Drive – DVD Review

Ryan Gosling is an unnamed driver making his living by fixing up cars or driving them for whoever is willing to pay regardless of any moral ambiguity involved. A quiet, almost childlike figure, Gosling’s naive driver becomes involved with his neighbour (Carey Mulligan) and finds himself embroiled with dangerous criminals and reacts in a horrifically violent manner.

When I first reviewed the film I called it, “a slow, gorgeous, and tense drama” and when declaring it the 4th Best Film of 2011 I described it as, “sleek and smooth, Drive lures you into a false sense of security with its tense yet relaxing atmosphere before erupting into shockingly graphic violence.” Obviously all of this remains true of the film on DVD, it looks stunning and the unique soundtrack sounds great.
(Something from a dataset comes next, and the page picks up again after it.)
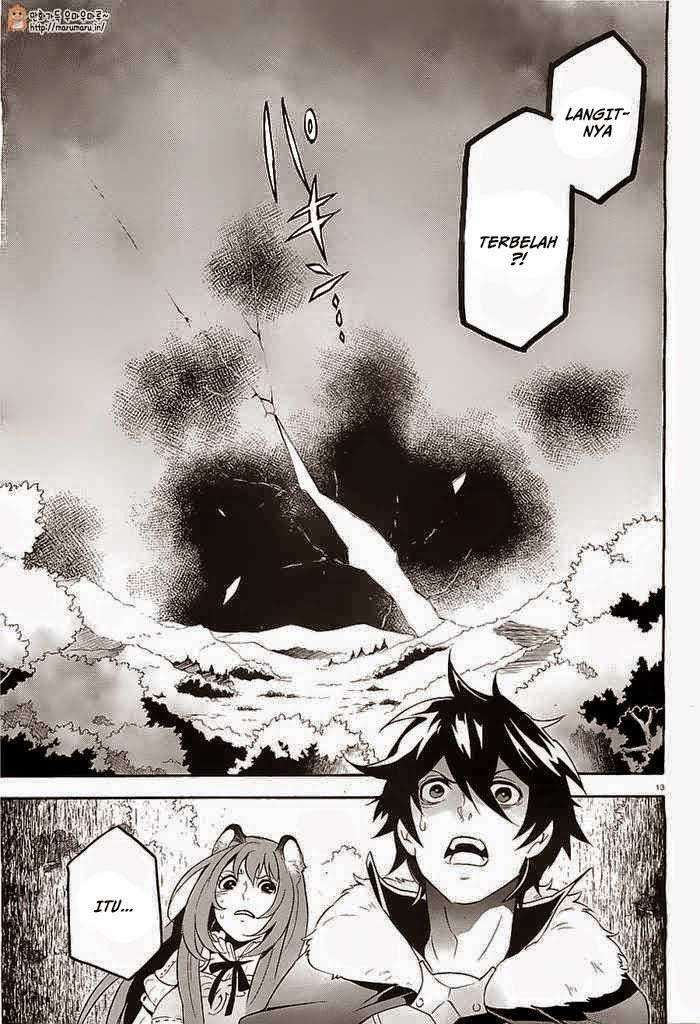Tate no Yuusha no Nariagari Chapter 6 Gambar 14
If you’re looking for a great new release filled with stellar performances, a surprising plot and stylish direction then look no further.

If you’re a film nerd looking for a DVD crammed with extras then sadly you’re out of luck.

The only special feature on the DVD worth writing home about (check the post Mum) is a 40 minute interview with director Nicolas Winding Refn, but there are no documentaries or commentaries in sight. If you are truly desperate for extra content, I’m afraid two trailers and a photo gallery are going to have to suffice. I know not everyone cares about the special features but for those that do this DVD is a disappointment, especially considering the US release is much more well-endowed.

In summary, Drive is a five star film and well worth owning despite a deficit of DVD extras. Drive is out on DVD and Blu-ray on January 30th 2012.

Drive – Review

In Nicolas Winding Refn’s Drive Ryan Gosling plays a nameless driver far more at ease in the company of a car than with another human being. A mix of mechanic, getaway driver and stuntman, the driver lives a simple, uncomplicated life which begins to unravel as he falls for his neighbour (Carey Mulligan) and life suddenly becomes complex.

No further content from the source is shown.